ANDERS FOGH RASMUSSEN (NATO Secretary General): Good afternoon.

Syria is still a matter of concern. We are following the situation closely.

As you know, NATO’s core business is security.

NATO is where North America and Europe come together every day to discuss the security issues which concern us. And NATO is where Europe and North America work together every day to find solutions.

In NATO, any Ally can bring any issue to the table at any time. That is what makes us strong. That is what makes us an Alliance.

That is why it is appropriate that Allies came together last week to discuss Syria’s outrageous shooting down of a Turkish aircraft.

It is why we continue to follow developments very closely and with great concern. And why we remain actively engaged in political consultations.

This is a crisis which directly affects one of our Allies. And one of the gravest security challenges the world faces today.

We condemn Syria’s shooting down of the Turkish aircraft in the strongest possible terms. And we condemn the escalating spiral of killing, destruction and human rights abuses in Syria.

The right response to this crisis remains a political response. And a concerted response by the international community against a regime that has lost all humanity and all legitimacy.

That is why I welcome the meeting of the Action Group on Syria in Geneva this weekend. The international community has come together. It has clearly endorsed a plan for a democratic transition to end the violence and answer the legitimate aspirations of the people of Syria.

Now it is vital to enforce that political plan. Every member of the international community should use its influence and spare no effort to bring an end to the bloodshed and move Syria forward. This conflict has already gone on for too long. It has cost too many lives, and put the stability of the whole region at risk. The international community has a duty to put an end to it – and to do it now.
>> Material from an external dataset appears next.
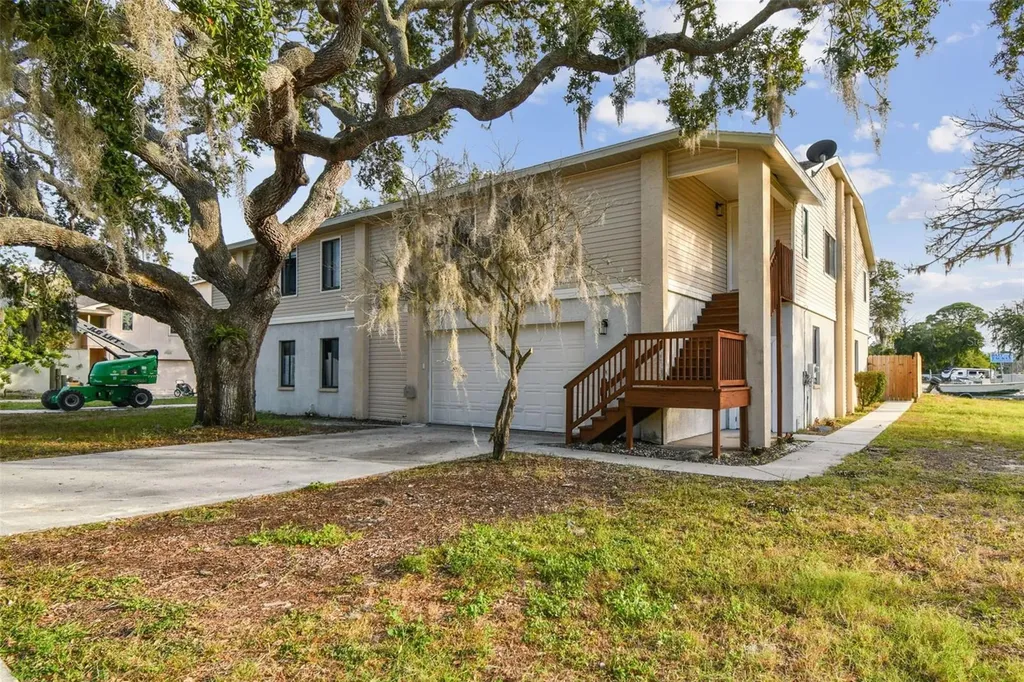 1734 Rumar Lane Holiday FL 34691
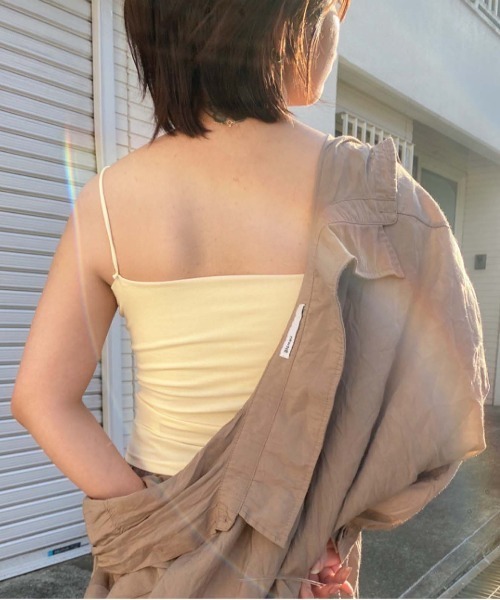 FINEnough(ファインナフ)の「サイドシャーリングパッド付キャミソール(キャミソール・レディース・ブラック/アイボリー/グレー/チャコールグレー/ホワイト/ブラウン/ピンク/イエロー/ベージュ・FREE)」の16枚目の写真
Let me turn to Afghanistan.

We are working toward our goal of putting the security of Afghanistan in the hands of the Afghans.

As we speak, half the Afghan population lives in areas where their own forces are in the lead for providing security. And over the coming weeks and months, that protection will extend to three quarters of the population.

That means that, later this summer, those Afghans living in areas protected by their own forces will become the clear majority.

This is a big step forward. A step towards our shared goal of seeing Afghan troops and police fully responsible for their country’s security by the end of 2014.

It has been made possible thanks to the courage, skills and sacrifice of ISAF and our Afghan partners.

There are still challenges to face and hard fighting ahead. But Afghanistan is making headway.

Of course, security is just one of the challenges facing Afghanistan. And NATO is just one part of the solution. In the bigger picture of the future Afghanistan security, development and good governance all have to come together.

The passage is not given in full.